= Task goal =
Without pictures, return the lines from the one containing "Antique Mahogany and Marble Chest of Drawers" through the last line of the data below, exactly.

----

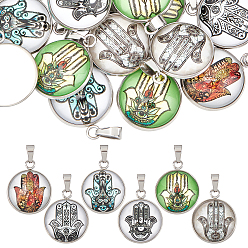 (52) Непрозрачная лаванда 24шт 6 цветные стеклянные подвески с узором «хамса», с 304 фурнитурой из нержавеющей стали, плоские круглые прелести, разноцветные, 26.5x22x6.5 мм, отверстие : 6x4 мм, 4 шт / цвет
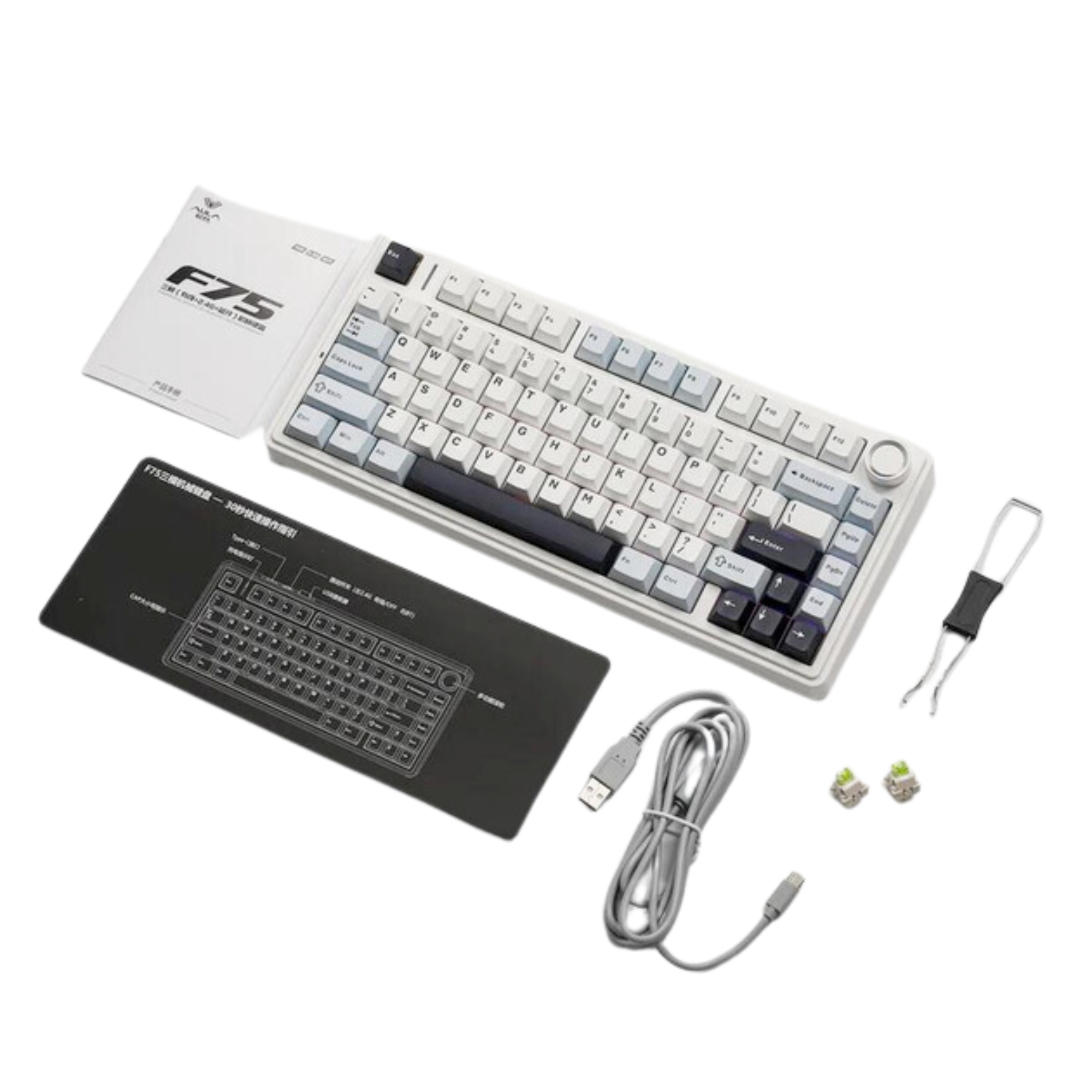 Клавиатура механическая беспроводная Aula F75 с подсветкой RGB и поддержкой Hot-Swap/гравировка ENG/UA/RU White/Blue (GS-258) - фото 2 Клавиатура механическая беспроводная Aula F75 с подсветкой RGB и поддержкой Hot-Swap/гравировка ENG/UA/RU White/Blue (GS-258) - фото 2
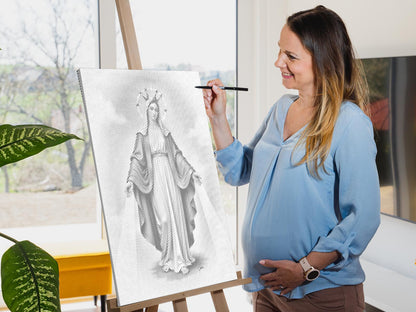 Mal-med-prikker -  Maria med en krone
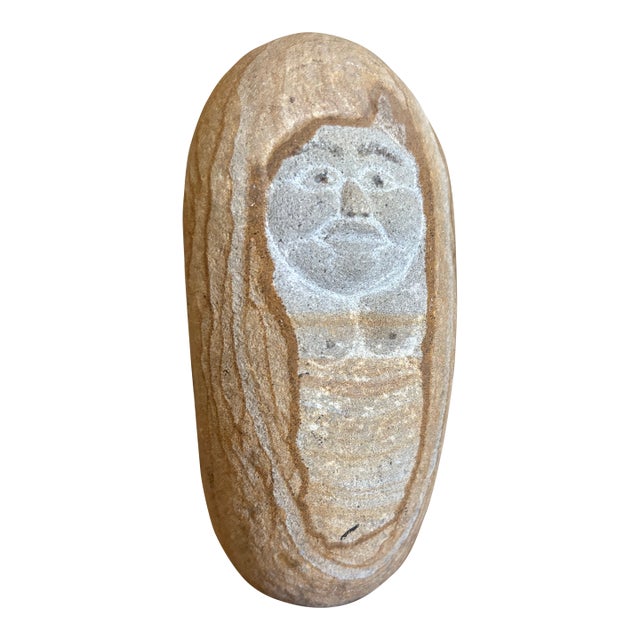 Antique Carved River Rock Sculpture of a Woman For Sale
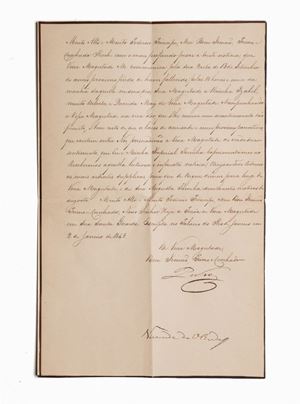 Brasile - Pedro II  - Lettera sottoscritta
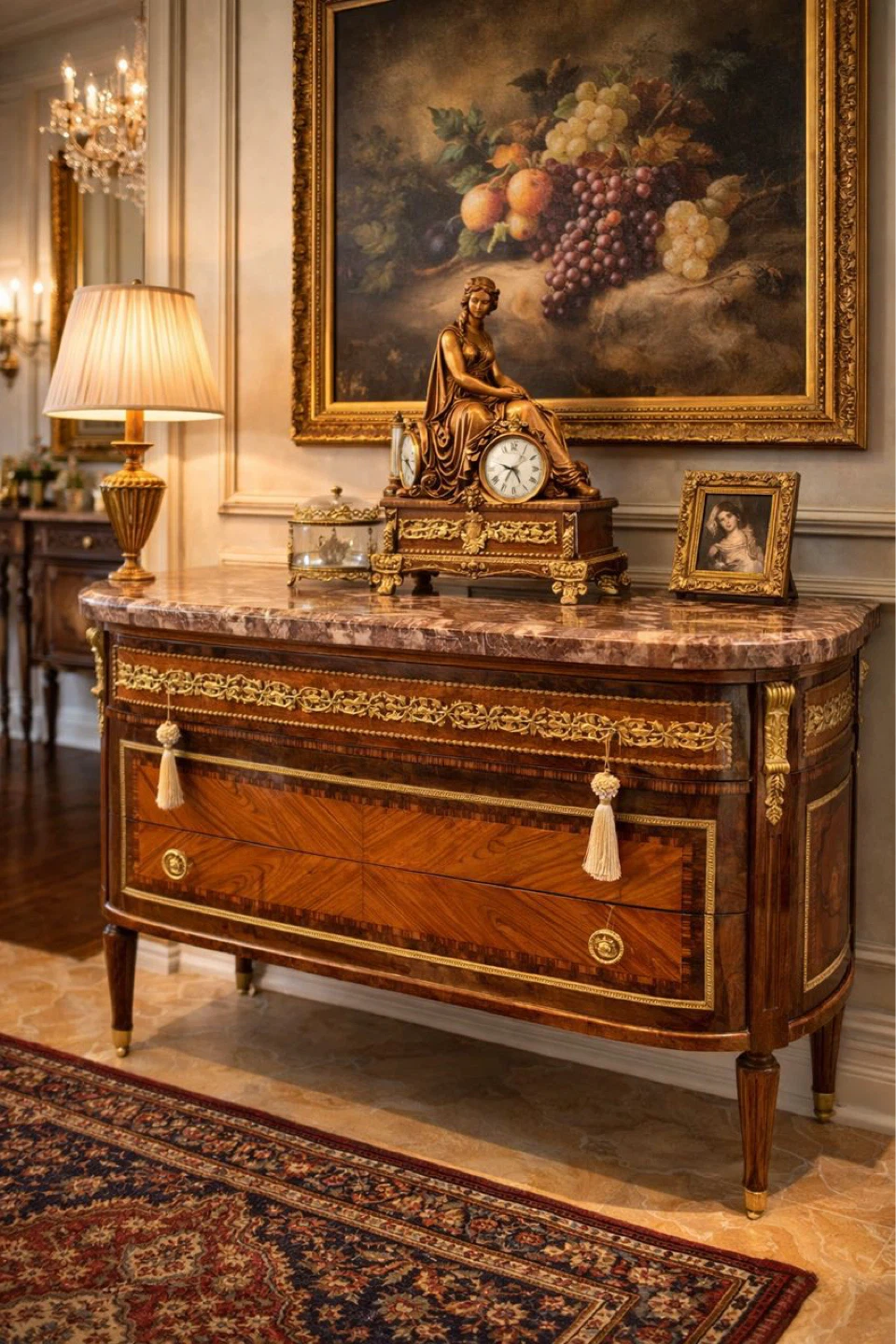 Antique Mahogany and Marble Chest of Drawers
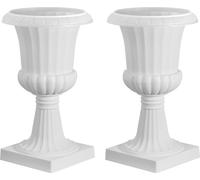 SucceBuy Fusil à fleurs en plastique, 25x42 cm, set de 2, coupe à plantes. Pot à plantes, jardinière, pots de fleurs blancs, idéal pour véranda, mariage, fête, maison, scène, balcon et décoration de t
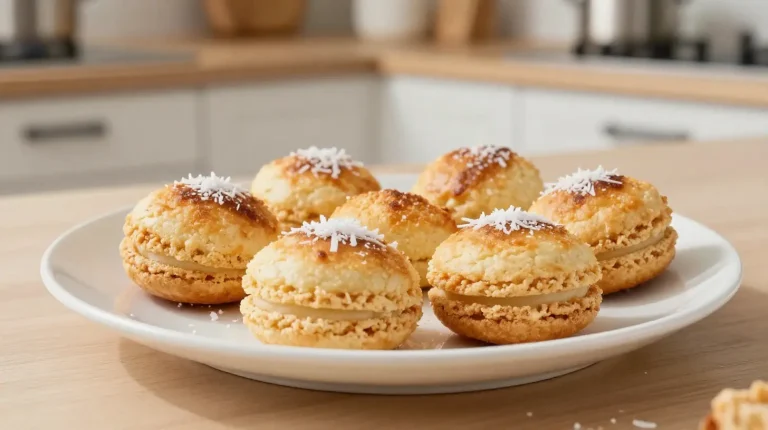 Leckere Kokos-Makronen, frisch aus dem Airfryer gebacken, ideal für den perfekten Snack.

----

= Finished exercise =
 Antique Mahogany and Marble Chest of Drawers
 SucceBuy Fusil à fleurs en plastique, 25x42 cm, set de 2, coupe à plantes. Pot à plantes, jardinière, pots de fleurs blancs, idéal pour véranda, mariage, fête, maison, scène, balcon et décoration de t
 Leckere Kokos-Makronen, frisch aus dem Airfryer gebacken, ideal für den perfekten Snack.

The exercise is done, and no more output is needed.